On Facebook you might make a personal statement to discuss as friends often do. You may not expect the vitriol, the name-calling, the war of opposing linked articles. Some people take themselves way too seriously.

On Facebook you might publish an important political or philosophical thought. You may not expect the sophomoric joking, the name-calling, or even disappointing silence. Some people just seem to stumble into fires without realizing how much their ignorance hurts others.

Facebook is a paradoxical scrapbook bulletin. Is it a self-help message board, or a public debate forum? Friends and strangers eavesdrop on conversations which only seem private. Yes, there is a difference between a personal and a political statement, but to “post” either makes it visible to an ever-more difficult to filter list of viewers.

The mixed-message, or even missing, interface metaphors don’t help either.
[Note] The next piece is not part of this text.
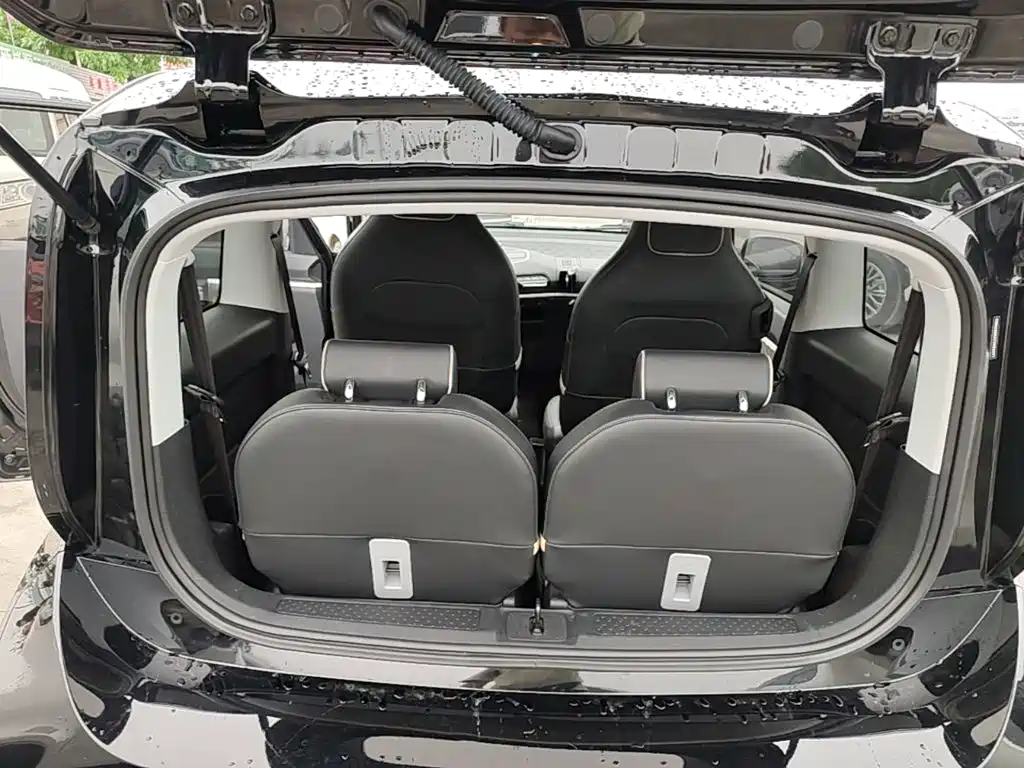 Baojun KiWi EV 2022 — фото 19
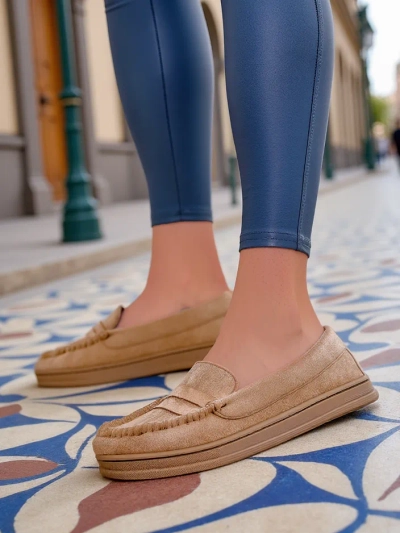 Mocasi clasici Royalfashion pentru femei Carollese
In this serious debate we can “like” with a cheeky thumb. In this string of jokes no one can hear the timbre of our laugh, our indecipherable (are you being sarcastic??) “LOL.” This flexibility can lead to gibberish.

What I see is a stream of consciousness. What I see is a reflection of my own thought process, the way ideas snag each other, the way I flit from a picture memory of wearing Charmander pajamas at last night’s party to the Atlantic article on protesting in Baltimore.

But it is so political to “share.” Leveraging your private thoughts onto others is a political act:  a decision by the few (or one) on which content should be consumed by the many. “But I was just thinking out loud.” If you don’t want to be held to your word, then why say it at all? I could try to end the argument there, but I’d be a hypocrite. Sure, my personal Facebook philosophy is “make it interesting or funny, or else don’t bother.” But I’m an out-loud thinker in life. And I have so many avenues to be heard, which others might not.

Oh Facebook “friends.” We are apparently not all chums who know each other. We have different backgrounds and needs. You let me glance your wedding photos, and that is perhaps how I mistake our intimacy. But I can only keep your name with your face because everything is so efficiently indexed and hyperlinked.

As with most things, I return to the analogy of a party. There are strangers here just as there are best friends. Not all of us are interested in drinking. Not all of us are interested in sex. Not all of us are interested in laughing. Some may debate our constitutional rights. Some may cry over ex girlfriends. Some may write what they see in tiny notebooks. We all seem to want something. In this wild collage, this rowdy jumble, this grasp at boredom’s death, we might find it.

Or just avoid getting any work done ;)

2 thoughts on “Facebook: a Foggy Intersection of the Personal vs Political

  1. I disagree that sharing is endemically political, because who among us can really demand that their content be consumed. Nor do I see this as something to bemoan or be wary of. For all the pitfalls of social media, I think the most beneficial effect of sites like Facebook is how easily it’s allowed us to tear down the barriers of artifice* that inhibit understanding.

    I look at my feed and see interlocking streams of consciousness that is as beautiful and complicated and occasionally combative as I would expect such a network to be. I see people not so much demanding to be heard as revealing themselves … shining flashlights into a dark, digital aether in search of others in the dark headed the same way or someone who can shine a light on a better trail or maybe just to see if anyone’s around at all.

    * by which I mean artifice that arises from consideration, which I feel is lessened in a digital domain. Confrontation has lower stakes online than in a physical space. To be sure, there’s a level of artifice in how people choose to edit the digital evidence of their lives. That said, the way someone interacts with others online can be very revealing about their thought processes, despite conscious attempts at self-censorship.

    • I agree with everything you’ve said. I should not have used the word “inherently” – sharing is as political as posting a flyer on a community wall, no more, no less, not inherently. My viewpoint is more concerned with interface design. I’m not meaning to point out “pitfalls” but rather comment on the current state of this social media and the mixed metaphors that many may not even realize inform our behaviours.